Sneaky Kiwis: Snowden leak exposes NZ doing NSA's Pacific dirty-work
According to the new leak, the Government Communications Security Bureau (GCSB), the New Zealand equivalent of NSA, has been targeting the Pacific island countries such as Tuvalu, Nauru, Kiribati, Samoa, Vanuatu, the Solomon Islands, Fiji and Tonga. France’s overseas territories of New Caledonia and French Polynesia were also on the GCSB list. Each of these tiny countries has close and friendly relations with New Zealand.
The documents, obtained from Edward Snowden and published in the New Zealand Herald and the Intercept portray a special role for GCSB in the Five Eyes alliance comprising Australia, Canada, New Zealand, the United Kingdom, and the United States.
In 2013, the NSA whistleblower handed over thousands of classified documents to journalists, blowing the lid off a Five Eyes ring involved in a global surveillance partnership of sorts.
The GCSB has reportedly been interpreting the data from the Pacific countries’ email, phone and social media communications. The information is then forwarded to the National Security Agency, the leak says.
All surveillance is being carried in the country’s Waihopai Station, a secure communication facility run by GCSB on the South Island. The data collected by New Zealand is combined with the data gathered from across the world. It then is available to be accessed by XKeyscore, a major NSA tool for snooping.
"The Five Eyes countries led by the US are literally trying to spy on every country in the world ... and what we're going to be hearing about in the next few days is New Zealand in all kinds of very surprising ways playing a role in that," says Nicky Hager, a New Zealand investigative journalist, who also contributed to the revelations.
Wellington was "selling out" its friendly relations with Pacific nations to cooperation with the US, Hager added.
"The reason we spy on those little Pacific countries ... is not because New Zealand cares ... it's just something to take to the table to belong to the [Five Eyes] club."
Prime Minister John Key said that some of the information in the report is “incorrect, and some of it is out of date, and some of the assumptions are just plain wrong."
“We do have the GCSB and it is a foreign intelligence service, it does gather foreign intelligence that’s in the best interests of New Zealand and the protection of New Zealanders,” he told reporters.

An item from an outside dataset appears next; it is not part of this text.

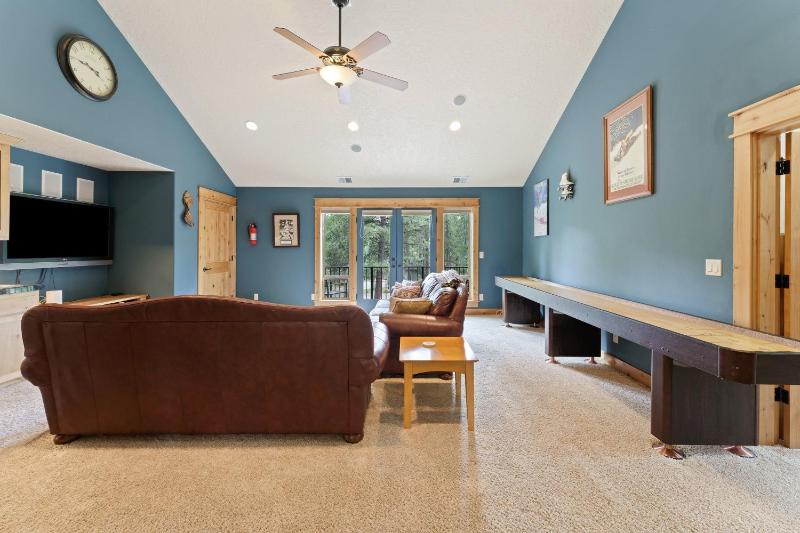 Sunriver Hot Tub Stay with Game Room near SHARC - image 13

New Zealand gathers intelligence, “particularly if a friend is involved, it isn’t to harm that country,” he added.
A spokesperson from GCSB refused to comment on the data, saying that “everything we [GCSB] do is explicitly authorized and subject to independent oversight.”
The leader one of the ‘aggrieved parties’ - Samoan Prime Minister Tuilaepa Sailele Malielegaoi - said he is not disturbed by the revelations.
“I don’t have any strong feelings about the allegations of spying,” he said.